Role of the Township
The township consists of both elected officials and staff. The Township Supervisor, Highway Commissioner, and Property Assessor are elected positions, individually responsible for their departments and budgets. These positions are accountable to the Township Board of Trustees. Four elected Trustees and the Supervisor make up the board with the Supervisor serving as chairman. The Township Supervisor, Highway Commissioner, and Property Assessor each manage a staff of employees to help carry out the duties and services of their offices.
In addition to providing the basic functions of township government, Aurora Township offers many programs for youth and seniors and enforces ordinances within its jurisdiction.

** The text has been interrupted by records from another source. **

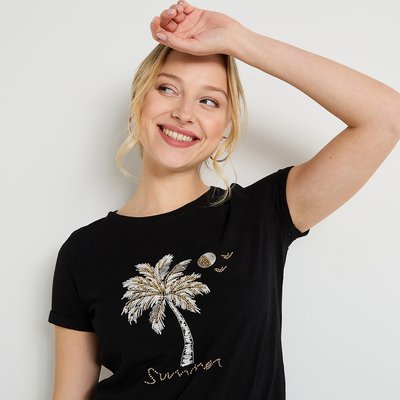 T-shirt col rond GRAIN DE MALICE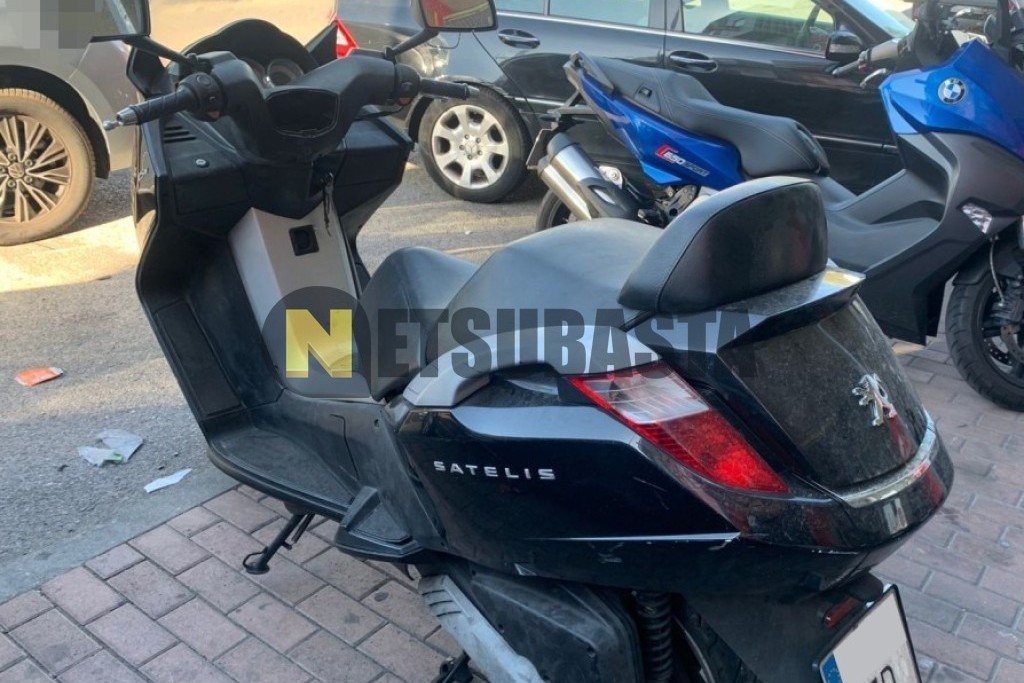 Peugeot SATELIS 125 4V 2010
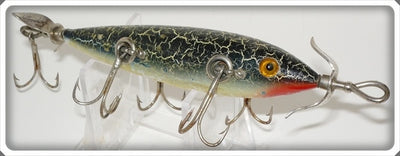 Heddon Green Crackleback 150 Five Hook Minnow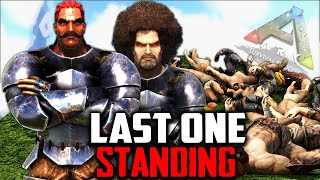 Last One Standing  ARK Survival Evolved Feat ZanyZebraYouTube Raasclark Cjthecheesedj and more [upl. by Frame]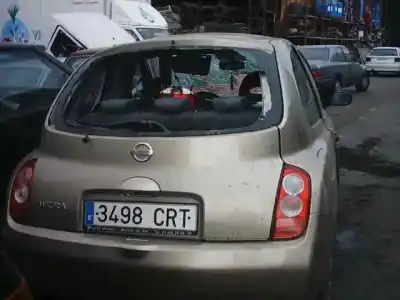 Sloopvoertuig nissan micra (k12e) 1.2 cat van het jaar 2003 aangedreven cr12de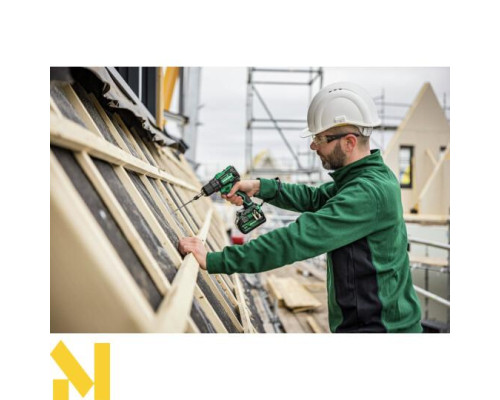 Викрутка акумуляторна ударна HiKOKI DV18DEWHZ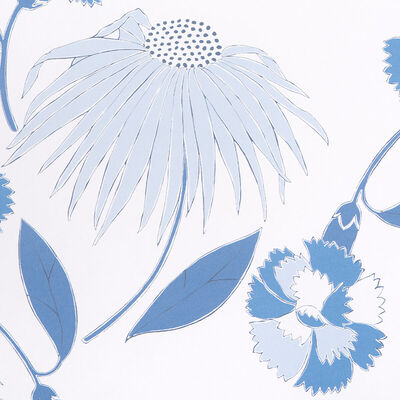 Schumacher Wallcovering -BOUQUET TOSS-5013841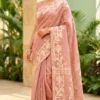 RGS Elegant Jamdani Festive Saree Wholesale Surat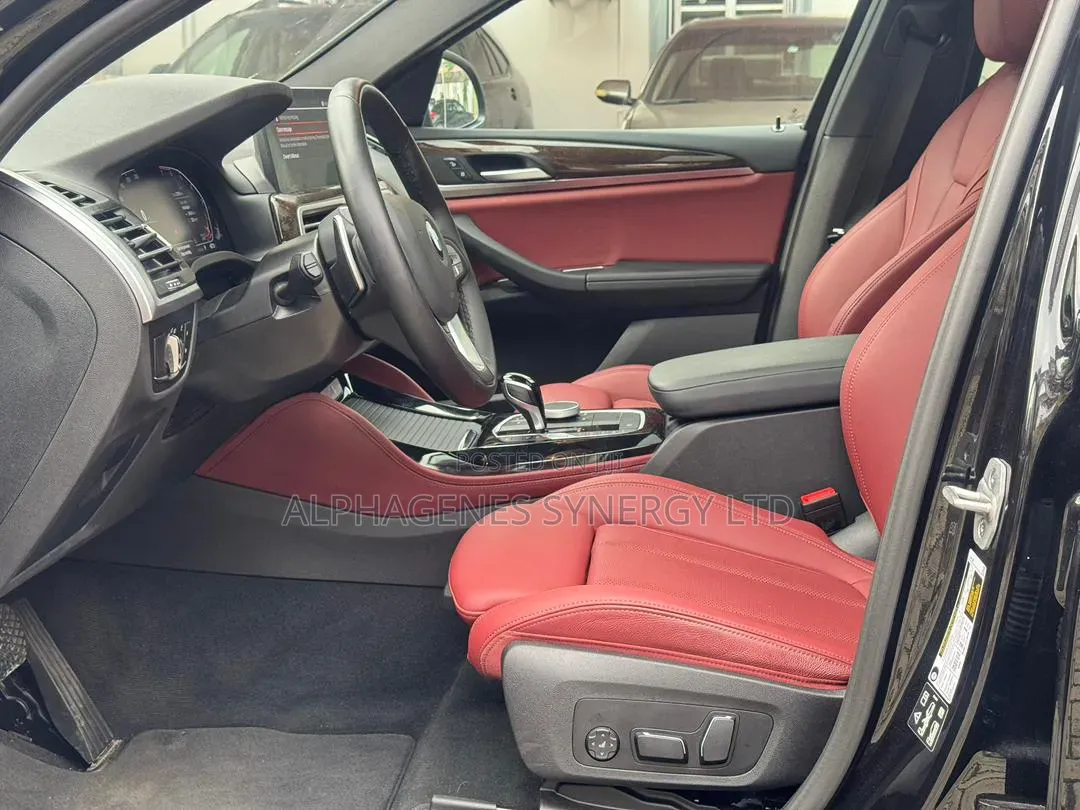 BMW X4 xDrive30i Sports Activity Coupe 2025 Black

The Illinois Constitution of 1848 gave voters in each county the opportunity to adopt township form of government. Kane County was one of the early counties to adopt the township form of government and Aurora Township was duly created in 1850.
On April 2, 1850, Russell C. Mix was elected as the first Aurora Township Supervisor; H.F. Kingsbury, Town Clerk; W.V. Plum, Assessor; I.T. Bevier, Poormaster; S. Richardson, I.M. Howell and John Douglas, Commissioners of Highways; John King and W.R. King, Justices of the Peace; C. Pinney and W.D. King, Constables. W.D. King was also elected Collector.

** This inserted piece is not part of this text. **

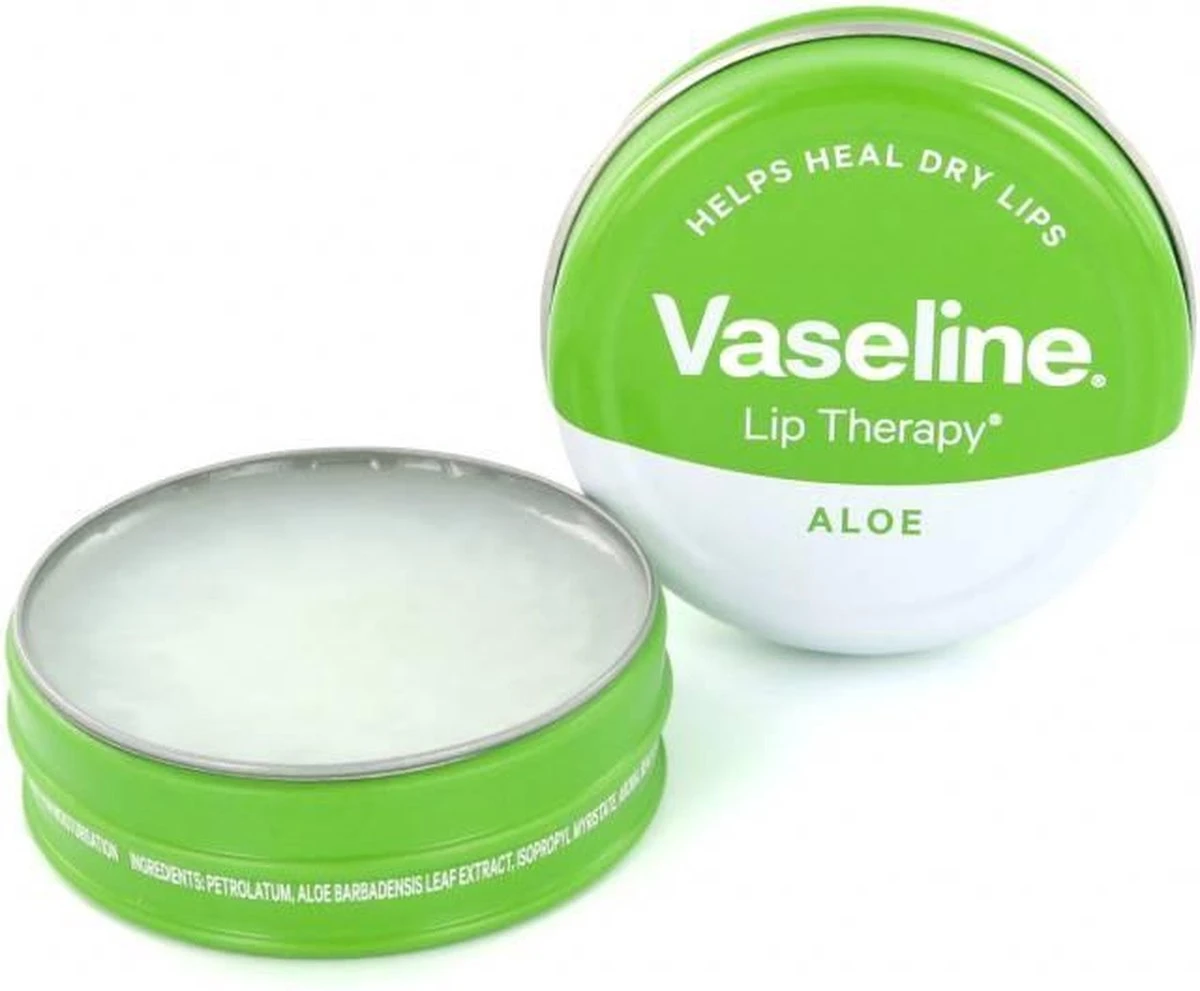 Vaseline® Vaseline Lip Therapy - Aloë Vera (2 Stuks) 3 Vaseline® Vaseline Lip Therapy - Aloë Vera (2 Stuks)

Unlike many townships in Illinois, Aurora Township was not the first local form of government. At an election held March 6, 1845, fifty-two votes were cast in favor of incorporating the village of East Aurora. The Village of West Aurora later followed suit in 1854. The two villages (pop. 7,000) were combined in 1857 thanks to the Illinois legislature, although the two sides remained rivals. When the two towns first united, they agreed on Stolp Island on the Fox River as a ‘neutral’ site for City Hall. Russell C. Mix, the first Township Supervisor, was elected as alderman in the first election for the new City of Aurora. He later served as Postmaster of Aurora.
During its early history, the Fox River served as a great attraction for manufacturers its abundant water power. Later, the railroad was a driving force in the growth of industry and the township. The current township building at 80 N. Broadway is located just south of the former American Well Works plant and is a short distance from the former Chicago Burlington & Quincy roundhouse and repair shops. The township, which had formerly leased space from the City of Aurora at City Hall, purchased its current office in the early 1970s. The Youth Center at 313 Gale Street was purchased from the Aurora YMCA at about the same time.